Passive liveness detection

Passive liveness detection is a method used in biometrics and security systems to determine whether a biometric sample, such as a fingerprint, face, voice, eye, or palm recognition, comes from a live individual or if it is a spoofed image, video, or other artificial source.

Passive liveness detection protects against fraudulent attempts to bypass security measures by providing fake or non-living biometric samples. Biometric authentication systems must have this feature to ensure their reliability and accuracy. Applications utilizing these systems include mobile devices, access control systems, and financial transactions.

The introduction of biometric technology was a great step towards a secure and convenient future for organizations. Unfortunately, the transition slowed down during the pandemic phase, when the fear of getting a disease by touching a specialized biometric hardware device became exorbitant.

But face recognition, another biometric tech, became a savior for many businesses as it started enabling access and attendance systems and more. It also came with loopholes like manipulating access by creating deep fakes that mimicked movements, which most active liveness detection systems used. At the time, major organizations had implemented active liveness detection in their online systems, which proved detrimental to their security and created panic among account holders and organizations. But it was all resolved with passive liveness detection technology, which has become much more popular for many reasons.

Active & Passive Liveness Detection: What’s the Difference?

Do you remember making sudden gestures like mimicking a picture, raising an eyebrow, or lifting your hand? All these action-oriented methods that demand replication from the end user are used to ensure the physical presence of the end user and match the stored face or other biometric signals through active liveness detection. Organizations used apps or weblinks wherein the end user had to register or log in after undergoing this process. The method became inconvenient because if it didn’t match, the end user had to make the same reactions again, which became frustrating and drained productivity.

However, the major drawback was using spoofed video or AI-built faces to bypass security and gain access to sensitive information. Passive liveness detection is an internet-independent technology that doesn’t require making gestures and matches the biometric identifiers with the stored database to ensure real-user presence. 

It is a spoof-free and user-friendly way of revoking access to unauthorized and unidentified users, even if they are wearing a mask or goggles or have any other obstacle. Artificial intelligence-powered, it instantly detects a faked voice, texture, or other traits of a person without the need to upload a video or imitate a gesture. As a result, the chances of an account being hacked or attacked with biometric passive-liveness detection technology are near zero or negligible. Banks, financial organizations, and other businesses are already using it to assure increased security.

How Does Biocube Use Passive Liveness Detection?

One of the most common attacks is face spoofing, wherein, 2D or 3D prints are used to replicate the face of a person and breach accounts. It was one of the key reasons for the introduction of liveness detection into the biometric technology field. Biocube’s face recognition system, which is gaining popularity in the US, UK, India, and other markets, comes with an in-built passive liveness monitoring system that can instantly detect faked or spoofed users.

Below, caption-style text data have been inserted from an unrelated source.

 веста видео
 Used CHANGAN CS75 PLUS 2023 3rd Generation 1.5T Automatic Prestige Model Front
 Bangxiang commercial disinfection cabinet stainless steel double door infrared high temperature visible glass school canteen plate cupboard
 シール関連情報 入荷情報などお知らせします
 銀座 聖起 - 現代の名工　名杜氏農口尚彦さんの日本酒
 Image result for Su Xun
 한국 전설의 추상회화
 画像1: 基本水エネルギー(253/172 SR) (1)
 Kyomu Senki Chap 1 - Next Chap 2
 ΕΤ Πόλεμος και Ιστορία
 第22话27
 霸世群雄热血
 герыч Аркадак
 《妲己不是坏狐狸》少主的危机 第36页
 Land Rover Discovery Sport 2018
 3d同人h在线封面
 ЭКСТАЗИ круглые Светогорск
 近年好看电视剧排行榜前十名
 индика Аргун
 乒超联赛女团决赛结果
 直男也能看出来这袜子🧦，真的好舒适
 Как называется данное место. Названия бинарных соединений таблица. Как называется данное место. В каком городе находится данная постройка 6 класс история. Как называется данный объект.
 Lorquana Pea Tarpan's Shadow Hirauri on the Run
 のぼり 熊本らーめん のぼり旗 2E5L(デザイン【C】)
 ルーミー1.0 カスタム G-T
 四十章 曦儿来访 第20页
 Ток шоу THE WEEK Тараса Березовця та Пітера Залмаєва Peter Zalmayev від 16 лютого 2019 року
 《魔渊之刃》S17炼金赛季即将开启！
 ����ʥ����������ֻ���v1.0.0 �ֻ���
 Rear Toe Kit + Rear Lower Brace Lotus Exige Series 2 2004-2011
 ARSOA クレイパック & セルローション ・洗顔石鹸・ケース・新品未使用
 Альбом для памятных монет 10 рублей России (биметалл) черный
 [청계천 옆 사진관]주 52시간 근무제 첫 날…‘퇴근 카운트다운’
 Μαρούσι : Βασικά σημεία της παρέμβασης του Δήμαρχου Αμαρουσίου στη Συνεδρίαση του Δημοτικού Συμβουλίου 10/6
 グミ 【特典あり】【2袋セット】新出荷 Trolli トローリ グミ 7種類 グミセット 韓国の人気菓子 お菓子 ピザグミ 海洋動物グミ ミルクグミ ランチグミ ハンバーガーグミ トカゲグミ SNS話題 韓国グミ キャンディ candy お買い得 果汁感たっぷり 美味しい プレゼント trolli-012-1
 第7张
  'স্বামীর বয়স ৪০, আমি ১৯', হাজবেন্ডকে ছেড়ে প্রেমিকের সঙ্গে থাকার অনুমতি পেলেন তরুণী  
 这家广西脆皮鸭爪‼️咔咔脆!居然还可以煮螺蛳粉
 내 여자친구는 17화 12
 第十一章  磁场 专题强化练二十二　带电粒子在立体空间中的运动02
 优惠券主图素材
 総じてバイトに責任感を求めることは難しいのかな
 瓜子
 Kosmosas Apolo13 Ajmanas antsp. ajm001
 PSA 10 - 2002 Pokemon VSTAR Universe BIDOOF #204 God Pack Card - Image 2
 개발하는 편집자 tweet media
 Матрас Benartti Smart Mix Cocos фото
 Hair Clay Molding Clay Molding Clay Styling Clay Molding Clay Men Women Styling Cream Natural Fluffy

The user data is stored on a Distributed Data Architecture (DDA) and secured with AES 256 encryption, making it unreadable and inaccessible to hackers. It makes marking attendance and accessing digital accounts simpler. 

As it is, biometric technology is hard to replicate, and cybercriminals spend hours cracking the code. The added advantage of the protection protocols makes it highly impenetrable. The biggest advantage of the system is that the face recognition solution is multimodal, meaning it can be used via a regular smartphone, tablet, or desktop camera. As a result, organizations can safeguard their capital expenditures and implement a face recognition solution with multiple advantages, including liveness detection.

Conclusion

Organizations should adapt to the new-age advancements in biometric technology. It will improve their workplace experience by eliminating spoofing or tampering. Simultaneously, it will make the end user’s access more convenient. 

The inclusion of a passive facial liveness system will surely help in achieving these goals. Moreover, it will enhance business productivity by reducing the need for gestures by the end user. 

The government and private organizations could also achieve the goal of complying with the government’s security requirements. Such a face recognition system is best suited for hotel, BFSI, travel, and public sector industries.